When a party opposing summary judgment fails to comply with the formalities of Rule 56, a court may choose to be somewhat lenient in the exercise of its discretion to deal with the deficiency. See, e.g., Scharf v. United States Attorney Gen., 597 F.2d 1240, 1243 (9th Cir. 1979); United States v. Western Elec. Co., Inc., 337 F.2d 568, 575 (9th Cir. 1964); see also Celotex Corp. v. Catrett, 477 U.S. 317, 324, 106 S.Ct. 2548, 2553, 91 L.Ed.2d 265 (1986) (nonmoving party need not produce affidavits in a form admissible at trial). However, discretionary leniency does not stretch so far that Rule 56(e) becomes meaningless. See Peterson v. United States, 694 F.2d 943, 945 (3d Cir. 1982) (failure to attach key document to affidavit violated Rule 56(e) and made summary judgment improper): see also Canada v. Blain's Helicopters, Inc., 831 F.2d 920, 925 (9th Cir. 1987) (unauthenticated documents may not be relied upon to defeat a motion for summary judgment).
Here, due to the absence of other evidence, the contract documents would have been necessary to persuade a jury that asbestos was in the school buildings to which the first round of motions applied, yet the School District did not provide these documents to the district court with the Preston affidavits. Lacking this documentation, Preston's affidavits were nothing more than an attorney's argument lacking evidentiary support.
The School District contends on appeal that the attachment of the contracts would have been unduly costly or burdensome. The record indicates, however, that some partial excerpts of contracts were provided in opposition to the first round of summary judgment motions by the manufacturers. When this was done, the district court denied the manufacturers' motions as to the applicable schools. Further, thousands of pages of documents were eventually submitted with the motion for reconsideration. It was not too costly or burdensome then to provide the documents.

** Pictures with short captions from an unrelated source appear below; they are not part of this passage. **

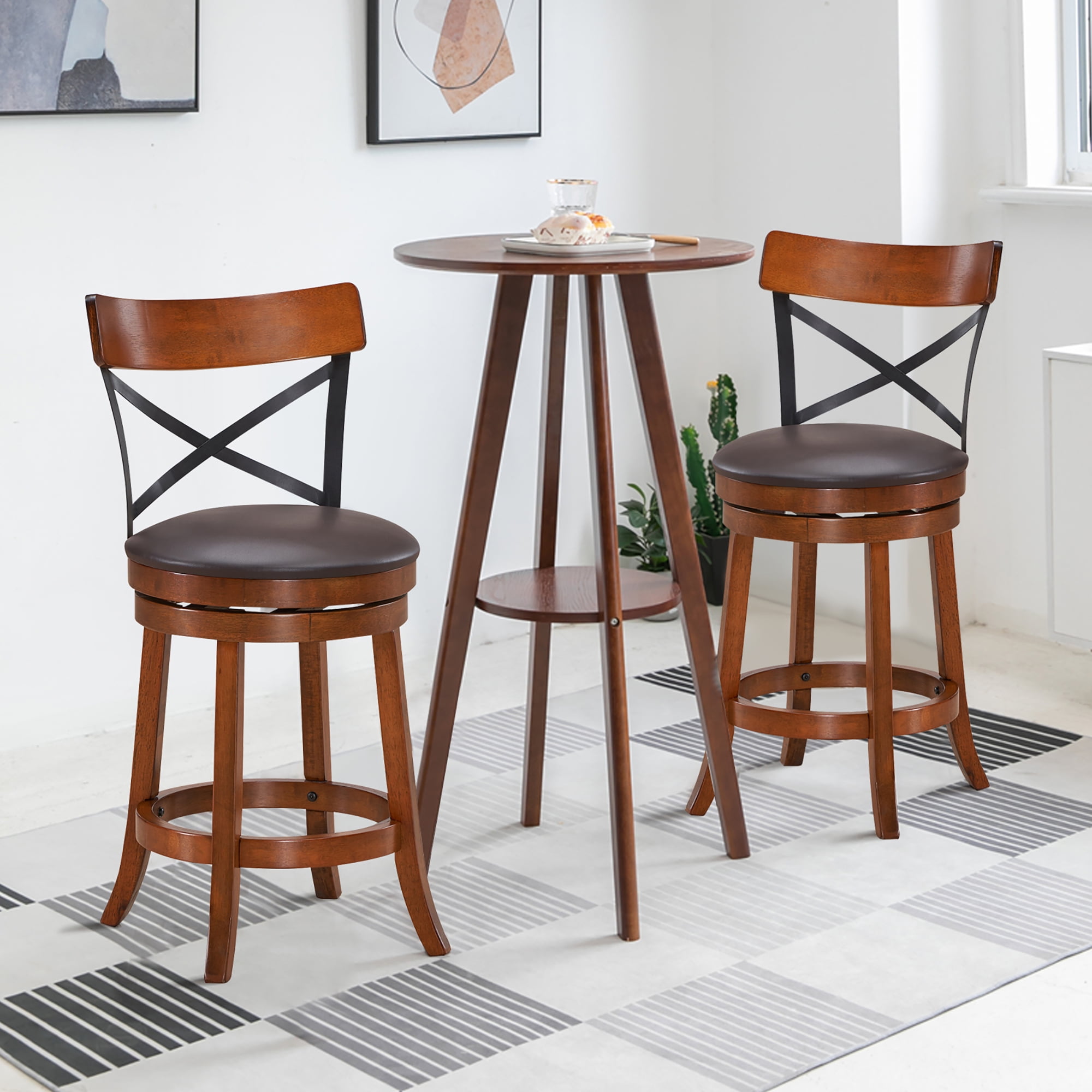 Costway Set of 2 Bar Stools Swivel 25'' Dining Bar Chairs with Rubber Wood Legs - Image 6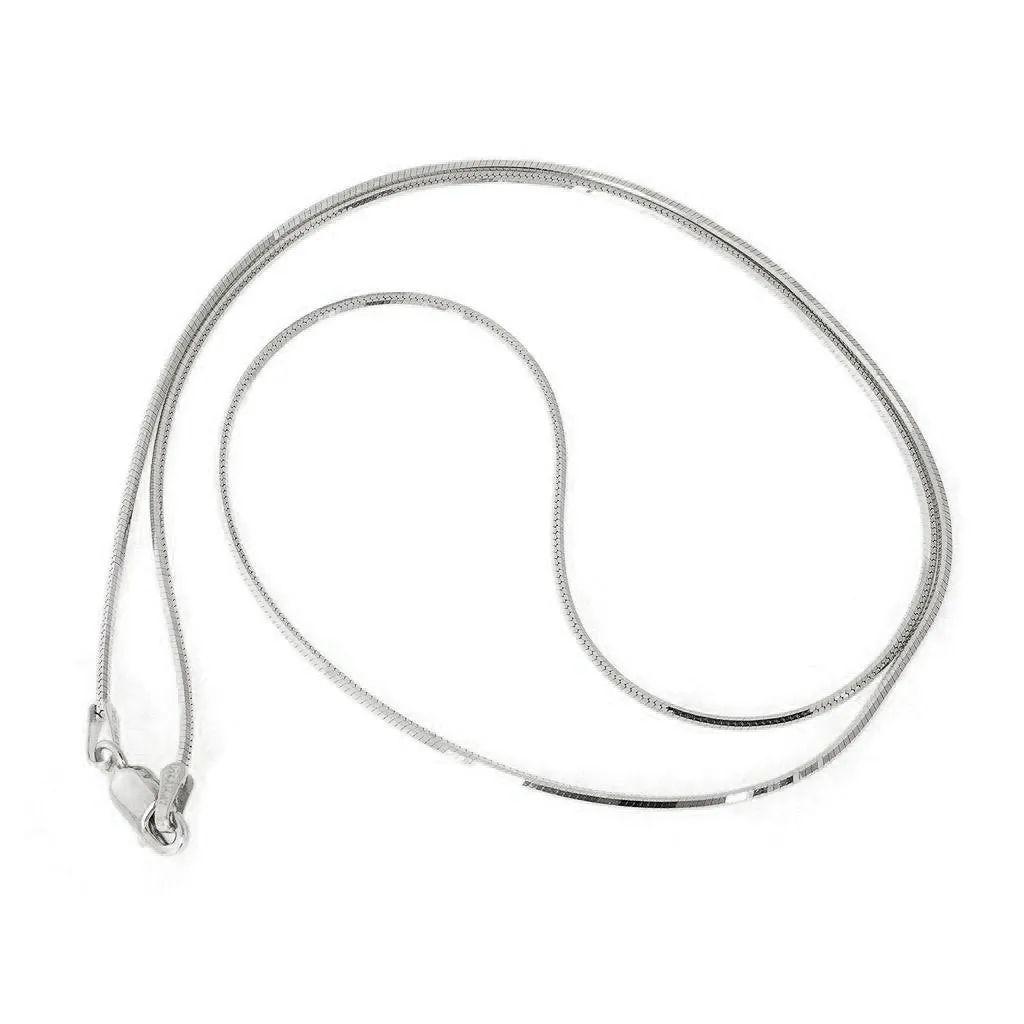 14K White Gold 1mm Octagonal Snake Chain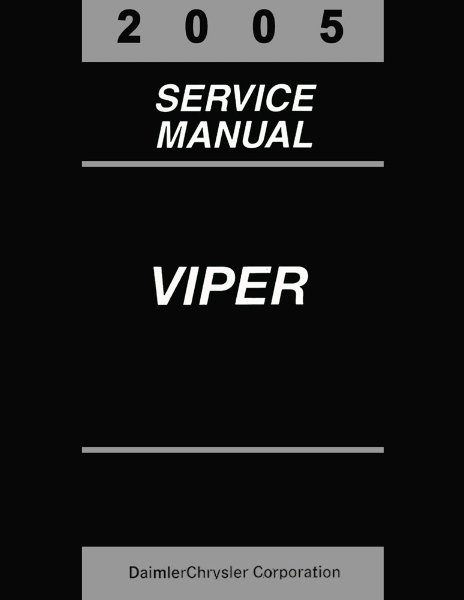 2005 Dodge Viper Factory Shop Service Manual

We conclude that the district court did not abuse its discretion when it refused to consider the Preston affidavits due to the failure to comply with Rule 56(e).
Nor did the district court abuse its discretion in excluding other affidavits for violations of Rule 56(e). In the case of Owens-Corning Fiberglass, this led to summary judgment in its favor on the issue whether its products had been installed at the Whitaker school. In the School District's opposition to this motion, it introduced the affidavit of Lon Applegate. Applegate had worked for contractors who had installed asbestos at Whitaker. He said in his affidavit that he had installed OCF products at Whitaker. He recalled installing OCF products at the school based on his "work at various schools and/or a review of the contract materials." No contracts were attached to the affidavit. The district court concluded that the Applegate affidavit violated Rule 56(e).
Unlike the attorney Preston, Applegate was an asbestos worker with personal knowledge of the installation of OCF asbestos. However, an affidavit of a witness is not exempt from Rule 56(e)'s attachment requirement simply because the affidavit references documentary evidence and personal knowledge as a source of information. If documentary evidence is cited as a source of a factual contention, Rule 56(e) requires attachment. There was no attachment. The district court did not abuse its discretion in excluding the Applegate affidavit.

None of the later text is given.